● TASK BRIEF
Print out all of the records exactly; no picture belongs in the result.

(Stored data)
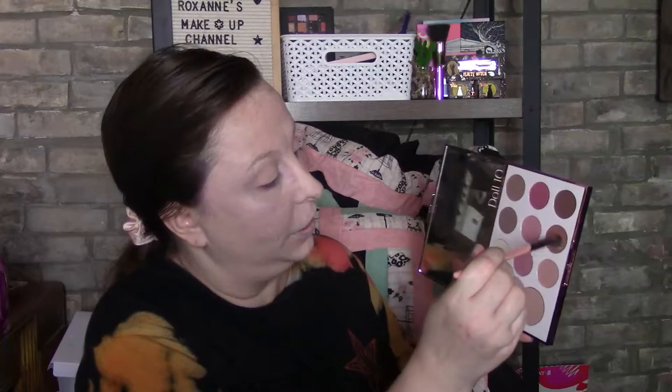Doll 10 just replied to my story — whoo-hoo! I'm going to try and use new colors this time. Sorry guys, I'm having a hard time seeing them here, but I think I'm going to go in with this color and this color together today, just to kind of prime the eye.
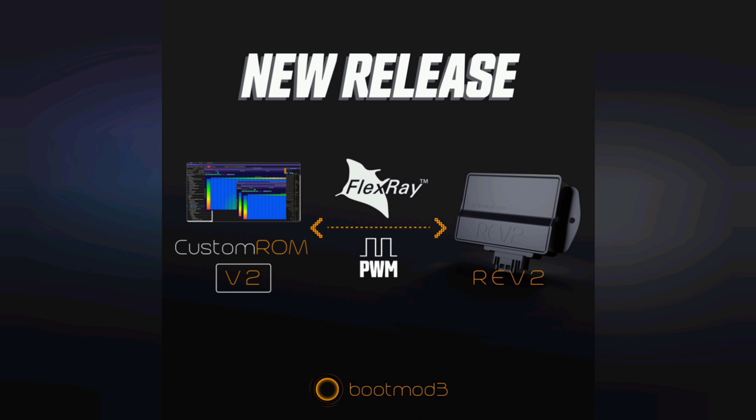Alright guys, we are back in my garage for another video, and today we're going to be talking about the Rev2 board from Pro Tuning Freaks. A little while ago I made a video about how they originally introduced this, but now that it's officially released, I wanted to give you guys a quick update as they've shared a lot more new information on what we can expect and how you can take advantage of this.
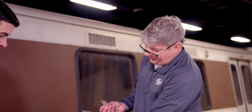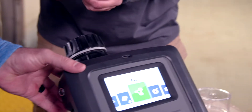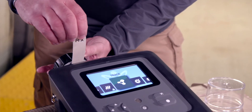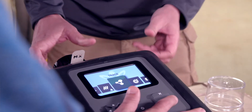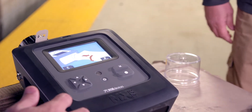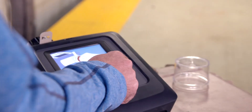We're going to open our trace sampling adapter here, insert the swab, close the adapter, hit trace, and run. We've inserted the swab. The device gives you all these hints telling you what to do.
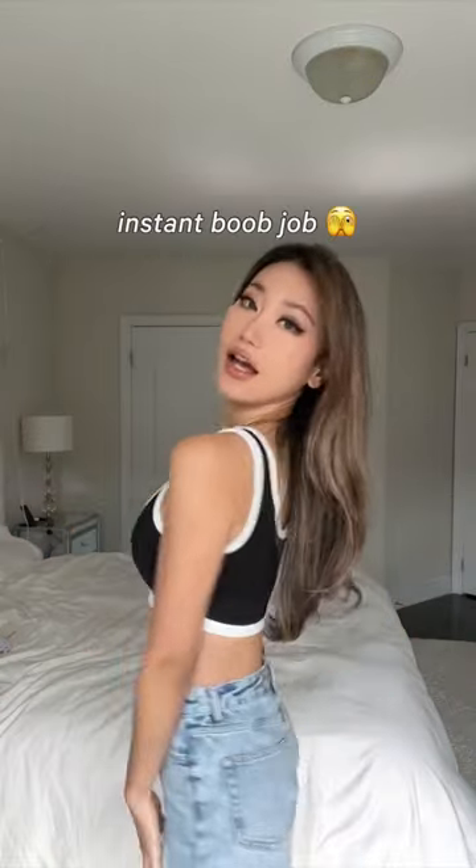Are you guys seeing this? Instantly gave me two extra cups — I was in shock. Where has this been my whole life? Let's put the other one in. It's giving instant boob job without the pain.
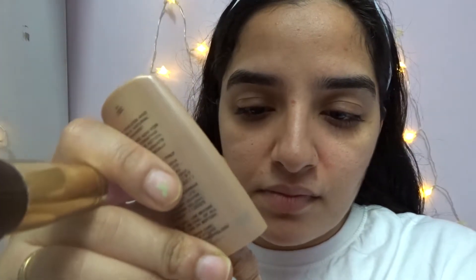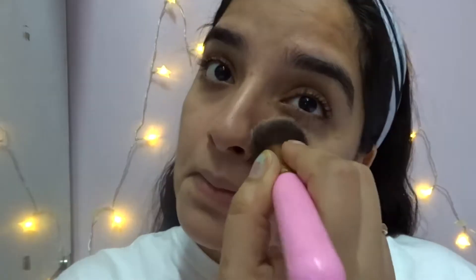We're starting the makeup with moisturizer on. For foundation, I'm using Color Bar Timeless Filling and Lifting Foundation in the shade Light Linen 01, applied with my Fool's Ease brush. I'm using my mirror on camera here. This is a full coverage foundation.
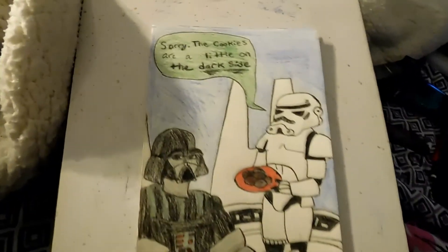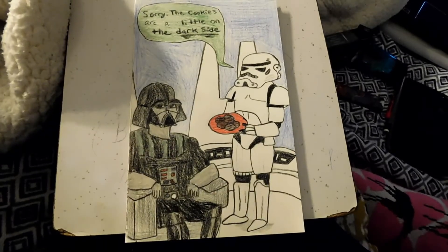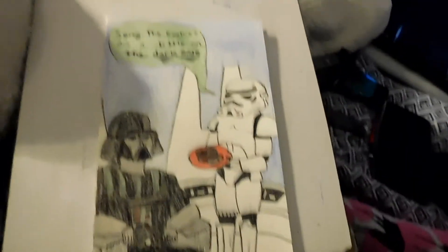It is now 3:30 in the morning and I just finished my brother's card. I'm starting not to care if it's perfect or not, but this is kind of cartoony anyway. Sorry the cookies are a little on the dark side — I think it turned out pretty good, it's decent. I'm gonna close out the vlog. Hopefully I can finish the rest tomorrow. If you liked the video, please give it a like, leave a comment below, and subscribe. I'll see you guys tomorrow, bye!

● RESPONSE
Doll 10 just replied to my story — whoo-hoo! I'm going to try and use new colors this time. Sorry guys, I'm having a hard time seeing them here, but I think I'm going to go in with this color and this color together today, just to kind of prime the eye.
Alright guys, we are back in my garage for another video, and today we're going to be talking about the Rev2 board from Pro Tuning Freaks. A little while ago I made a video about how they originally introduced this, but now that it's officially released, I wanted to give you guys a quick update as they've shared a lot more new information on what we can expect and how you can take advantage of this.
We're going to open our trace sampling adapter here, insert the swab, close the adapter, hit trace, and run. We've inserted the swab. The device gives you all these hints telling you what to do.
Are you guys seeing this? Instantly gave me two extra cups — I was in shock. Where has this been my whole life? Let's put the other one in. It's giving instant boob job without the pain.
We're starting the makeup with moisturizer on. For foundation, I'm using Color Bar Timeless Filling and Lifting Foundation in the shade Light Linen 01, applied with my Fool's Ease brush. I'm using my mirror on camera here. This is a full coverage foundation.
It is now 3:30 in the morning and I just finished my brother's card. I'm starting not to care if it's perfect or not, but this is kind of cartoony anyway. Sorry the cookies are a little on the dark side — I think it turned out pretty good, it's decent. I'm gonna close out the vlog. Hopefully I can finish the rest tomorrow. If you liked the video, please give it a like, leave a comment below, and subscribe. I'll see you guys tomorrow, bye!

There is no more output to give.